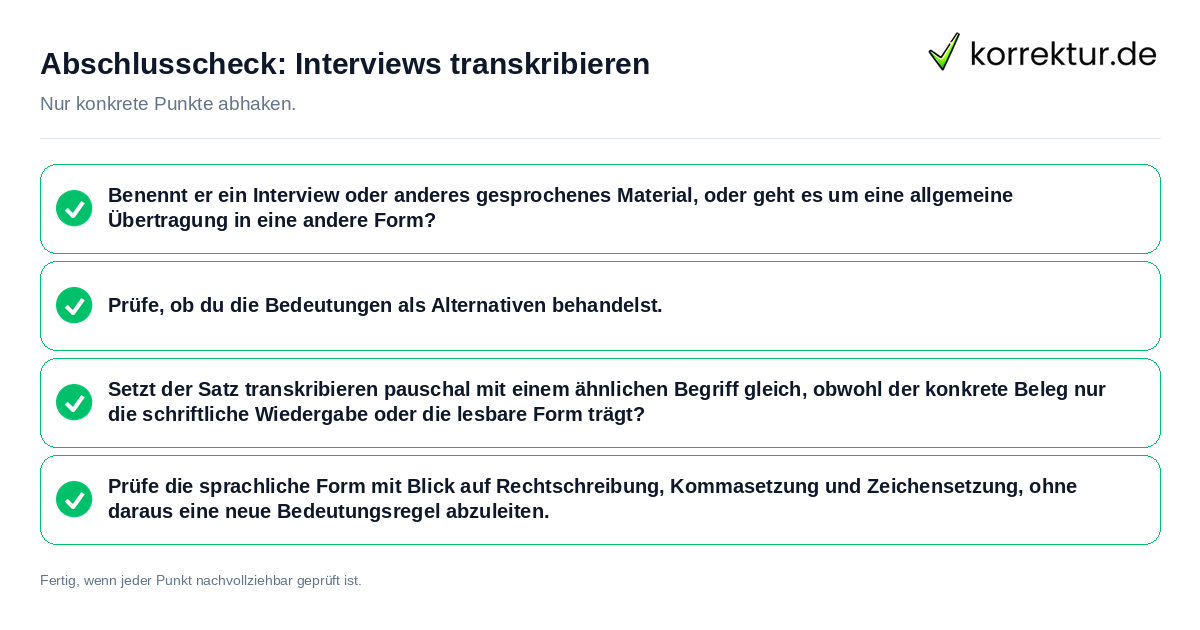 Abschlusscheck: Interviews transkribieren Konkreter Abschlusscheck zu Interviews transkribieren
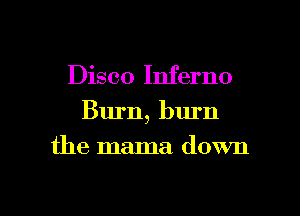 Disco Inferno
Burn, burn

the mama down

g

- - - -

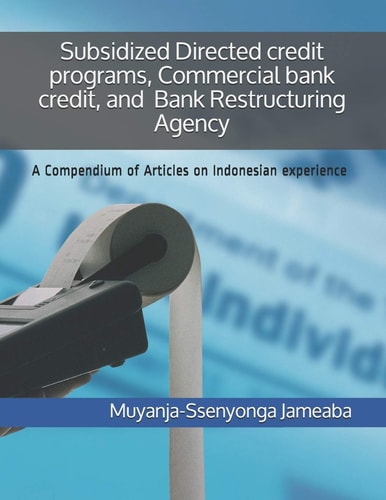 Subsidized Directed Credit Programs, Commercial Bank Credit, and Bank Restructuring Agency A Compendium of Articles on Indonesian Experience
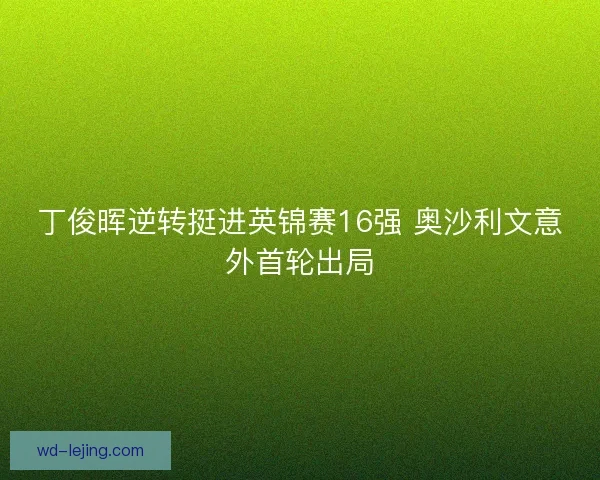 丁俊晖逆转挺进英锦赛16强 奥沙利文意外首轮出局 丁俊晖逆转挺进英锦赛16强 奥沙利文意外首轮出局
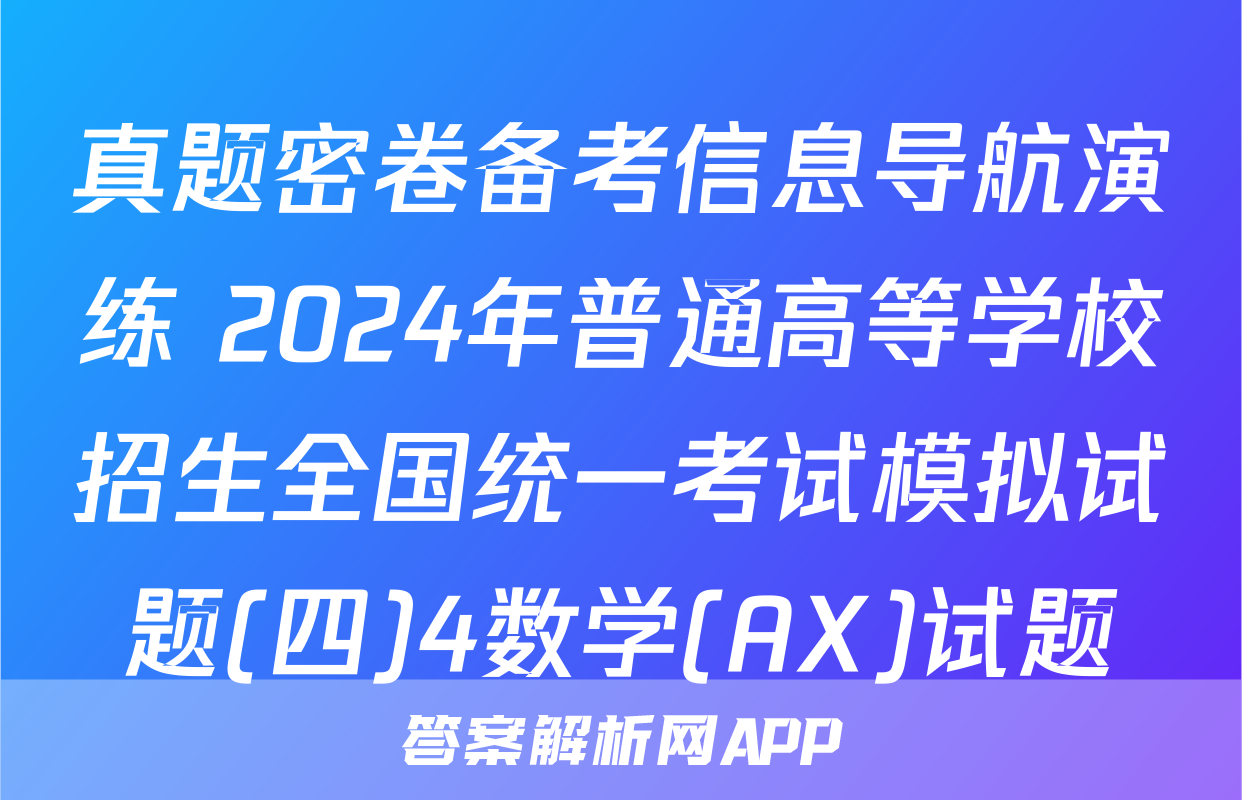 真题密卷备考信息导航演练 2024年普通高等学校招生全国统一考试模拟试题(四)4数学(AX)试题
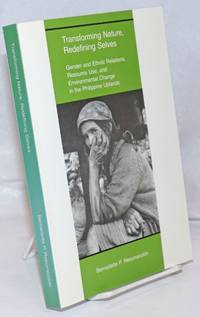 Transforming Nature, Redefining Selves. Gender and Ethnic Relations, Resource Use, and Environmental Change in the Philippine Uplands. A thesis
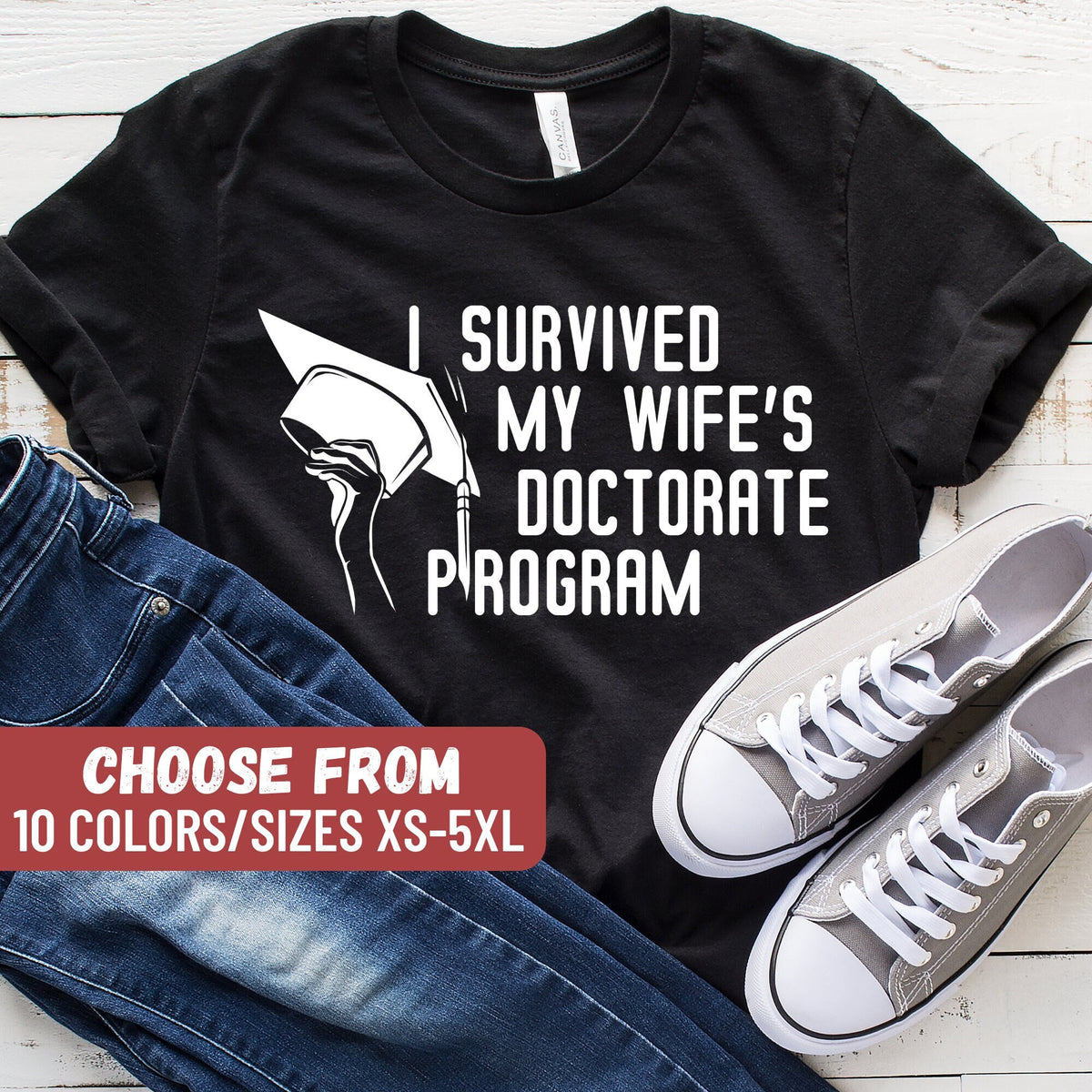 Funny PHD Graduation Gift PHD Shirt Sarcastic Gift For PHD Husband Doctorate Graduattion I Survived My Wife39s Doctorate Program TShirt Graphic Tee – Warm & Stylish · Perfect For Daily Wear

- - - -

## Exercise goal
Copy word for word the lines above, starting at the line containing "Subsidized Directed Credit" and ending at the line containing "Transforming Nature, Redefining", inclusive, with no pictures.

## Finished task
 Subsidized Directed Credit Programs, Commercial Bank Credit, and Bank Restructuring Agency A Compendium of Articles on Indonesian Experience
 丁俊晖逆转挺进英锦赛16强 奥沙利文意外首轮出局 丁俊晖逆转挺进英锦赛16强 奥沙利文意外首轮出局
 真题密卷备考信息导航演练 2024年普通高等学校招生全国统一考试模拟试题(四)4数学(AX)试题
 Transforming Nature, Redefining Selves. Gender and Ethnic Relations, Resource Use, and Environmental Change in the Philippine Uplands. A thesis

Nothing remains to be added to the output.